8. Allow the plate to dry and examine it with the UV lamp. Place a plastic ruler perpendicular to the base of the plate, parallel to the wide rule lines on the paper and record the distance from the baseline to the bottom, the midpoint and the top of each spot. (See Fig. 1 and 2).
9. Determine the R_f of each of the recorded points for each spot by dividing the distance from the baseline by the distance from the baseline that the solvent traveled.
10. Plot log MW of each standard versus R_f for the bottom and the midpoint of each corresponding spot. Obtain 2 calibration curves. The results of each should correlate best with a second power polynomial fit. If access to a curve fitting program is limited, reasonable results are obtained for a linear fit for a Log MW versus R_f bottom and R_f midpoint.

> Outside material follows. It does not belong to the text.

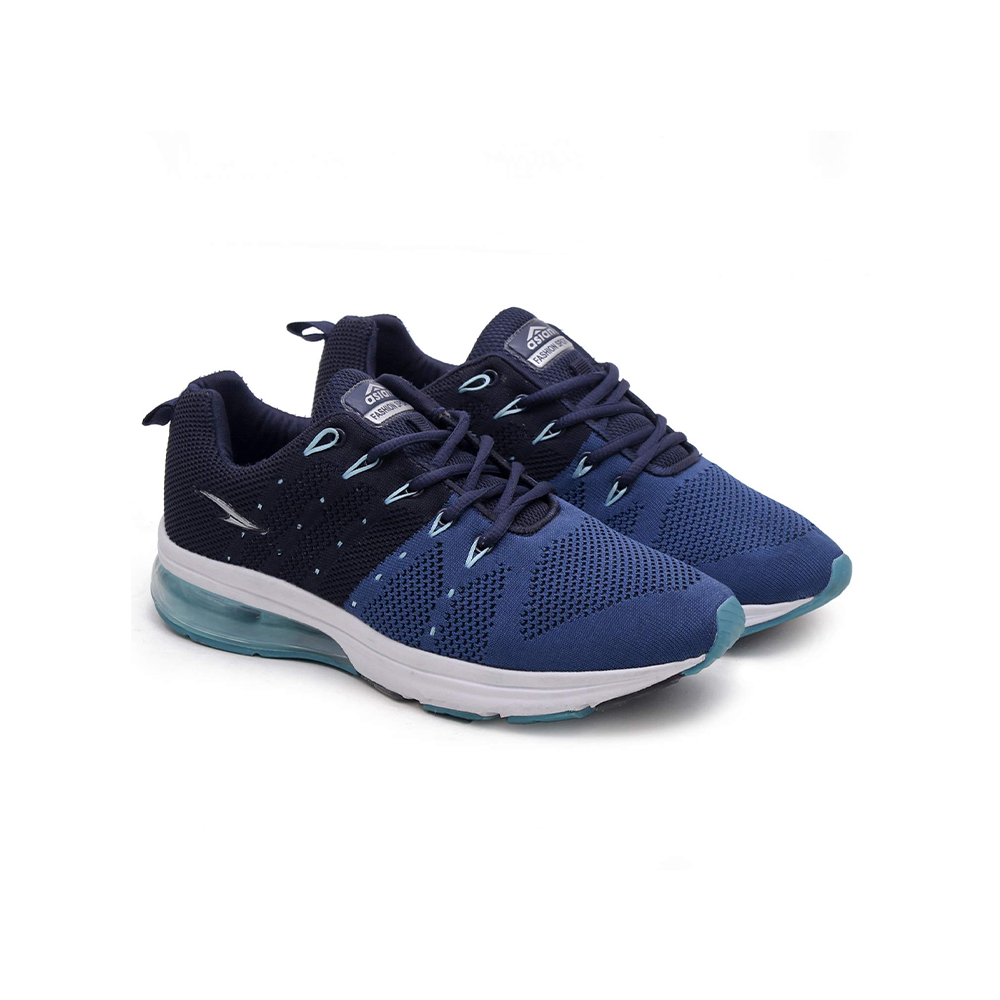 Lightweight Sports Shoes - Image 4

11. Using the calibration curves produced in Step 10, determine the molecular weights of the bottom and midpoint for each of the unknown polystyrene samples.
12. Under the conditions discussed above, the molecular weight derived from the bottom of a spot correlates with the weight average molecular weight (Mw) for the sample. The molecular weight derived from the midpoint of the spot correlates with the number average molecular weight (Mn) for the sample.
13. Calculate the polydispersity index for each sample by dividing Mw by Mn.

Once all vital information has been recorded, the plate may be soaked for 20 minutes in a dichloromethane bath. This removes the polystyrene from the plate. Remove the plate from the bath and allow it to dry. If the surface of the adsorbent has not been disturbed, the plate has been successfully recycled.